From the beginning, I have always said it's a demonstration. The only thing that makes it an experiment is the random assignment to prisoners and guards, that's the independent variable. There is no control group. There's no comparison group. So it doesn't fit the standards of what it means to be "an experiment." It's a very powerful demonstration of a psychological phenomenon, and it has had relevance.
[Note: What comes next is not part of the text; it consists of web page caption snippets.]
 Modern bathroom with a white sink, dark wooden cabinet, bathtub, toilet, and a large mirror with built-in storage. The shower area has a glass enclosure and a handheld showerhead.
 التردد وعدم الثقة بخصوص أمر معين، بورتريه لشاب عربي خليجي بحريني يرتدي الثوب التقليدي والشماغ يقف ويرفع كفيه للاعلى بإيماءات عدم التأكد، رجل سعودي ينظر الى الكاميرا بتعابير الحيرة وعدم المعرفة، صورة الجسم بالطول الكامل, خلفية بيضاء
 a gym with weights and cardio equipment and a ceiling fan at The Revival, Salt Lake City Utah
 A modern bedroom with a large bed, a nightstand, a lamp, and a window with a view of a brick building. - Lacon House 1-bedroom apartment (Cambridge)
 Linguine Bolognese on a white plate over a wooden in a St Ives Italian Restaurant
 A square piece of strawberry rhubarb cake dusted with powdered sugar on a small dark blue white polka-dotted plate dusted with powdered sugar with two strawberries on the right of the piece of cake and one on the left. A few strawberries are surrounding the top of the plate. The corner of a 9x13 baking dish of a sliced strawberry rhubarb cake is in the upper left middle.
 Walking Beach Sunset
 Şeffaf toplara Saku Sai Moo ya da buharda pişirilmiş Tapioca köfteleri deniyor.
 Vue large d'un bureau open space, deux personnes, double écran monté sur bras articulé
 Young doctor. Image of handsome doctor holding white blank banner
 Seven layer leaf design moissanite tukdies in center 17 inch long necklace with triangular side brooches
In 2018, in response to criticism by Le Texier and other, Philip Zimbardo wrote a detailed rebuttal on his website. In his summary, he wrote:

I hereby assert that none of these criticisms present any substantial evidence that alters the SPE's main conclusion concerning the importance of understanding how systemic and situational forces can operate to influence individual behavior in negative or positive directions, often without our personal awareness. The SPE's core message is not that a psychological simulation of prison life is the same as the real thing, or that prisoners and guards always or even usually behave the way that they did in the SPE. Rather, the SPE serves as a cautionary tale of what might happen to any of us if we underestimate the extent to which the power of social roles and external pressures can influence our actions.

Treatment of "prisoners"
Some of the guards' behavior allegedly led to dangerous and psychologically damaging situations. According to Zimbardo's report, one third of the guards were judged to have exhibited "genuine sadistic tendencies", while many prisoners were emotionally traumatized, and three of them had to be removed from the experiment early. Zimbardo concluded that both prisoners and guards had become deeply absorbed in their roles and realized that he had likewise become as deeply absorbed in his own, and he terminated the experiment.

Ethical concerns surrounding the experiment often draw comparisons to a similar experiment, conducted ten years earlier in 1961 at Yale University by Stanley Milgram.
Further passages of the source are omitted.